Ampère did not name the groups as they are named above, such as the noble metals and transition elements – these are modern names.

Mendeleev had an advantage over Ampère in that 65 elements were known to him, allowing him to see patterns more easily. Importantly, Mendeleev also paid attention to atomic weights, while Ampère did not. To be fair to Ampère, we need to remember that J. J. Berzelius published the first reasonably accurate list of atomic weights in 1828, 12 years after Ampère’s elements work.

The Ampere

The SI unit for electric current is the ampere or amp (symbol A), named in Ampère’s honor. It was Ampère who first defined electric current as a ‘circulation of electric fluid in a closed circuit.’

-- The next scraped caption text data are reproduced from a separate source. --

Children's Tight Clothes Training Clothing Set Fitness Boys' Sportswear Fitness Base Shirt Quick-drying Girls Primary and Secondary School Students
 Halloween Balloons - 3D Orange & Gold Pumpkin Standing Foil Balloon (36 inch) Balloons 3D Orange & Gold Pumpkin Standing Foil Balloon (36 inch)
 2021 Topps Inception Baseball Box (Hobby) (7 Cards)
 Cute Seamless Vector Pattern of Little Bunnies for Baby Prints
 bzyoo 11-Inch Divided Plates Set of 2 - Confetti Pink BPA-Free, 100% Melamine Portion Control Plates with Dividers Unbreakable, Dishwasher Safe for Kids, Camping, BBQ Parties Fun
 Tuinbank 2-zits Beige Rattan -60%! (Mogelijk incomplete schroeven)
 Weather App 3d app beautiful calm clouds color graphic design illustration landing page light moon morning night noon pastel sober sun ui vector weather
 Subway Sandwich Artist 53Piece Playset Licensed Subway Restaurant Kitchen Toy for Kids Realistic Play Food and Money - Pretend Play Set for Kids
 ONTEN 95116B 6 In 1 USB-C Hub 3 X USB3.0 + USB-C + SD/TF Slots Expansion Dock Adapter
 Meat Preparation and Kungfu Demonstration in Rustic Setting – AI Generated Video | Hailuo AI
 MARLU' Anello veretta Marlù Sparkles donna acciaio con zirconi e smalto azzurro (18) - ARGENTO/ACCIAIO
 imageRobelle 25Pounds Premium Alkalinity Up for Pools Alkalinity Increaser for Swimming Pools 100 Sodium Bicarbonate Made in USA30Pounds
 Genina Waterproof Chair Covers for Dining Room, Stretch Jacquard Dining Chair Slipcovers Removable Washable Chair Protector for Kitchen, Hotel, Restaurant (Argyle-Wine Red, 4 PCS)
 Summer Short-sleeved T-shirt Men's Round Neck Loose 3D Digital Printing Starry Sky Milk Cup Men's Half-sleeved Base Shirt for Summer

Some Personal Details and the End

In 1799, aged 24, Ampère married 25-year-old Catherine-Antoinette Carron, who was usually called Julie. A year later, their son Jean-Jacques was born – he was named in memory of Ampère’s beloved father. Tragedy struck Ampère when, after less than four years of marriage, Julie died in 1803 of abdominal cancer.

Ampère got married again in 1806, to Jeanne-Françoise Potot. The couple quickly realized their marriage had been a mistake. Their daughter Albine was born in 1807, and the couple legally separated in 1808. Albine came to live with her father and his younger sister Josephine.

In 1824, Ampère was appointed to the Chair of Experimental Physics at the Collège de France in Paris, which he occupied for the rest of his life.

Ampère’s son, Jean-Jacques, became a notable professor of linguistics and a member of the French Academy. He and his father were known to have rather explosive arguments with one another, both having quick tempers.

At the age of 61, Ampère caught pneumonia. He died in the French Mediterranean city of Marseilles on June 10, 1836. He was buried in Marseilles, but his remains were later moved to the Montmartre Cemetery in Paris.